A body of mass \(0.5 \mathrm{~kg}\) is projected under gravity with a speed of \(98 \mathrm{~m} / \mathrm{s}\) at an angle of \(30^{\circ}\) with the horizontal. The change in momentum (in magnitude) of the body is (a) \(24.5 \mathrm{~N}-\mathrm{s}\) (b) \(49.0 \mathrm{~N}-\mathrm{s}\) (c) \(98.0 \mathrm{~N}-\mathrm{s}\) (d) \(50.0 \mathrm{~N}-\mathrm{s}\)

Short Answer

Expert verified
The change in momentum (in magnitude) of the body is \(24.5 \mathrm{~N}-\mathrm{s}\) option (a).

Step by step solution

01

Find Initial Momentum

Since the body is initially projected with a speed of \(98 \mathrm{~m} / \mathrm{s}\), the initial momentum \(p_{i}\) can be calculated using the formula for momentum \(p=mv\). Hence, \(p_{i} = mv = 0.5 \mathrm{~kg} \times 98 \mathrm{~m} / \mathrm{s} = 49 \mathrm{~N}-\mathrm{s}\).
02

Resolve the Initial Momentum

Since the body is projected at an angle of \(30^{\circ}\) with the horizontal, the initial momentum needs to be resolved into horizontal (\(p_{ix}\)) and vertical (\(p_{iy}\)) components. Using the trigonometric relationships we find: \(p_{ix} = p_{i} \cos 30^{\circ} = 49 \mathrm{~N}-\mathrm{s} \times \sqrt{3}/2\) and \(p_{iy} = p_{i} \sin 30^{\circ} = 49 \mathrm{~N}-\mathrm{s} \times 1/2\).
03

Find Final Momentum

At the maximum height of the projectile, the vertical velocity (and hence momentum) will be zero, but the horizontal velocity (and momentum) remains unchanged due to the absence of any horizontal force.

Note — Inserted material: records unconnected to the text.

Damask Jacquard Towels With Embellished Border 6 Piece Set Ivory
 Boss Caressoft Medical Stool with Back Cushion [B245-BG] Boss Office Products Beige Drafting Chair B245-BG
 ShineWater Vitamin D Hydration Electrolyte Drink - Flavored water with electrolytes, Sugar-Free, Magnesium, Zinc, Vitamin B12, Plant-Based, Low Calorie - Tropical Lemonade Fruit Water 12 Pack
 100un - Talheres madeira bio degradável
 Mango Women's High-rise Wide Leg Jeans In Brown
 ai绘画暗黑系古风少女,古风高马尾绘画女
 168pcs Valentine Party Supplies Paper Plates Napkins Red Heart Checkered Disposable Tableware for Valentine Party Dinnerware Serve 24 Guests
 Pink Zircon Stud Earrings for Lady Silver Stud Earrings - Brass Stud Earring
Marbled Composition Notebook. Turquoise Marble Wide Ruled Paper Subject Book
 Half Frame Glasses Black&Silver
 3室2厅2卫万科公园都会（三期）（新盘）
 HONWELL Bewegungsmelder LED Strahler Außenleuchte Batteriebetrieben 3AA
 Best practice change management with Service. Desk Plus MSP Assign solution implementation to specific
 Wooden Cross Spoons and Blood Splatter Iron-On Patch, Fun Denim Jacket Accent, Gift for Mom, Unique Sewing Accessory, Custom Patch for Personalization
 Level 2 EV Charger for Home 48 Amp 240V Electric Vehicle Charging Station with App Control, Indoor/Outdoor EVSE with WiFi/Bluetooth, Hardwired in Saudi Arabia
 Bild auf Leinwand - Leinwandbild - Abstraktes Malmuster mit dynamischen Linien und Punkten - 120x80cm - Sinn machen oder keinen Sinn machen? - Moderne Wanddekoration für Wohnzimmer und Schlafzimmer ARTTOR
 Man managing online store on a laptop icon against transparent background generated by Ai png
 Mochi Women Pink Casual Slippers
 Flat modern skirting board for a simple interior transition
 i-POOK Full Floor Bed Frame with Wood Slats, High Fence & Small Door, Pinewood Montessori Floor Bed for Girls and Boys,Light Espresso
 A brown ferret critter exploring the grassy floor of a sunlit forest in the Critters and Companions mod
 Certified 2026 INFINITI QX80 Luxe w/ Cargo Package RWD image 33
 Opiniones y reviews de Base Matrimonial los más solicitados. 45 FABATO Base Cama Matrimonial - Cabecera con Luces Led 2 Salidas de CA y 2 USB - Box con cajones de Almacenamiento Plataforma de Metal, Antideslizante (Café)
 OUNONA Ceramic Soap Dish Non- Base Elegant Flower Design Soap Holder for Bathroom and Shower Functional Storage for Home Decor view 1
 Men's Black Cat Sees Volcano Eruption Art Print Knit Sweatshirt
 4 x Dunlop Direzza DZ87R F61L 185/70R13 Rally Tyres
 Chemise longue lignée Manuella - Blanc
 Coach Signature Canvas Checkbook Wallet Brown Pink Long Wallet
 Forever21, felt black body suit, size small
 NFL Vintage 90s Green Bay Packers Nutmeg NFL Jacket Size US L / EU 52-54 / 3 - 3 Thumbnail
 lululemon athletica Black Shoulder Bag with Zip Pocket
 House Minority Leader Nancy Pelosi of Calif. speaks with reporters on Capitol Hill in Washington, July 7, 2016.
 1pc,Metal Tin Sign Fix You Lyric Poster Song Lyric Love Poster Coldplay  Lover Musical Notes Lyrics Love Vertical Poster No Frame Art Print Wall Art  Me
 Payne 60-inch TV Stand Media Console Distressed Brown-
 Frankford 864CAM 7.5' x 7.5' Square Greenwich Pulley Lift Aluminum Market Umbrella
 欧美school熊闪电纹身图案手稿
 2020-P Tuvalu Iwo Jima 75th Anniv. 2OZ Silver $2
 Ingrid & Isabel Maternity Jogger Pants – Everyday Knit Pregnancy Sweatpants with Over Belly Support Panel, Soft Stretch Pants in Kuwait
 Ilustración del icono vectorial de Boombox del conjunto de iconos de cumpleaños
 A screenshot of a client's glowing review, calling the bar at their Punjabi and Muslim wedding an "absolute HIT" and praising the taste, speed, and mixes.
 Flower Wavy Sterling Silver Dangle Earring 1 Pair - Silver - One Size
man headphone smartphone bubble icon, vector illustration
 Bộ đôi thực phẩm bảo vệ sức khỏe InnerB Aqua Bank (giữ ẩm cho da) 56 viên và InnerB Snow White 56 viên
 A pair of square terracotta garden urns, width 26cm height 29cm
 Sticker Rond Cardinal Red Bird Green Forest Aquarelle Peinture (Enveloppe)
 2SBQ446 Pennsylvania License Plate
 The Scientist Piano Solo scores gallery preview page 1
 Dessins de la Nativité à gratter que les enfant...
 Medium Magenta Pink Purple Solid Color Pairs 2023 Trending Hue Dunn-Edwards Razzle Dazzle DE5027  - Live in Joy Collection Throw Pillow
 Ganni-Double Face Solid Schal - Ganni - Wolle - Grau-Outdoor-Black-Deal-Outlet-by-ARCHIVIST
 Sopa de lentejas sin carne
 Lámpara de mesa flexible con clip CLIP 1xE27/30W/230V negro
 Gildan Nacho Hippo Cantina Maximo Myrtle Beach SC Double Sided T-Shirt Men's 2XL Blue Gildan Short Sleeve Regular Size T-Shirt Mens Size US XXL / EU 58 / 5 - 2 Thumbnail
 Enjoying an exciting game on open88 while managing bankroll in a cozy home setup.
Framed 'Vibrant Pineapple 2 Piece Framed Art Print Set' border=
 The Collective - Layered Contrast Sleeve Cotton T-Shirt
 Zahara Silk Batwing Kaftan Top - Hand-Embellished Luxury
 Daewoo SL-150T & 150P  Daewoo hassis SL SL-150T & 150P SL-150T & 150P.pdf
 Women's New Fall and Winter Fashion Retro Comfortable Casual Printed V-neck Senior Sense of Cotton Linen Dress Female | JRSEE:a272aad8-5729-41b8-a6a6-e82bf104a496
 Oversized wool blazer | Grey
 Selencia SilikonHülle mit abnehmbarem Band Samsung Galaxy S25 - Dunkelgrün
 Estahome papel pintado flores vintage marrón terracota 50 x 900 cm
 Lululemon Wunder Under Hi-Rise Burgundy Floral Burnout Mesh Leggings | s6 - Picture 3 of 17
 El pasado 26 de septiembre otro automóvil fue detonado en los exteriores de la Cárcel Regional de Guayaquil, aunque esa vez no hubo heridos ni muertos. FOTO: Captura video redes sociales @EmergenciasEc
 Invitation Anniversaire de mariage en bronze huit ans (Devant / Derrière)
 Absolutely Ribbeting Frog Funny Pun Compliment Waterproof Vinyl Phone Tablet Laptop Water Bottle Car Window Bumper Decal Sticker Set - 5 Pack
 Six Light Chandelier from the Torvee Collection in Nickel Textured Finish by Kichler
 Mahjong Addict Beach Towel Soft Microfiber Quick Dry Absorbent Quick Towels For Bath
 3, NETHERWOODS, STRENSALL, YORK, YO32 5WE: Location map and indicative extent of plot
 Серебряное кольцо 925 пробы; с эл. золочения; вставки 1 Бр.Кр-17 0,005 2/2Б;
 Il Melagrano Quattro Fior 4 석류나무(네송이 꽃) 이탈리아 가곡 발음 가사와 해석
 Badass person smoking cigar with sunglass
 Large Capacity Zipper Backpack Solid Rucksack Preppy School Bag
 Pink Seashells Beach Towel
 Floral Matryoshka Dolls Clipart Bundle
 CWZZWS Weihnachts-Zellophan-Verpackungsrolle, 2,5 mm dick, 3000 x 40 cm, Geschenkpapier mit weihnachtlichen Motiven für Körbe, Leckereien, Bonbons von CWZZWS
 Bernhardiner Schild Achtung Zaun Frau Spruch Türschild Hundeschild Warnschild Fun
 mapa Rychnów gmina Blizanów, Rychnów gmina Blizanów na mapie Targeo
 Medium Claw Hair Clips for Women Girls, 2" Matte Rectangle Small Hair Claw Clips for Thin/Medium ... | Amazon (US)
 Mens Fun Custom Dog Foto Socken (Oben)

The final momentum \(p_{f}\) can therefore be calculated as follows: \[p_{fx} = p_{ix} = 49 \mathrm{~N}-\mathrm{s} \times \sqrt{3}/2\] and \[p_{fy} = 0\].
04

Calculate Change in Momentum

Finally, the change in momentum is the difference between the final and initial momentum. This difference is calculated vectorially, and it gives the magnitude as follows: \[\Delta p = \sqrt{(p_{fx} - p_{ix})^{2} + (p_{fy} - p_{iy})^{2}} = \sqrt{(49 \mathrm{~N}-\mathrm{s} \times \sqrt{3}/2 - 49 \mathrm{~N}-\mathrm{s} \times \sqrt{3}/2)^{2} + (0 - 49 \mathrm{~N}-\mathrm{s} \times 1/2)^{2}} = 24.5 \mathrm{~N}-\mathrm{s}\]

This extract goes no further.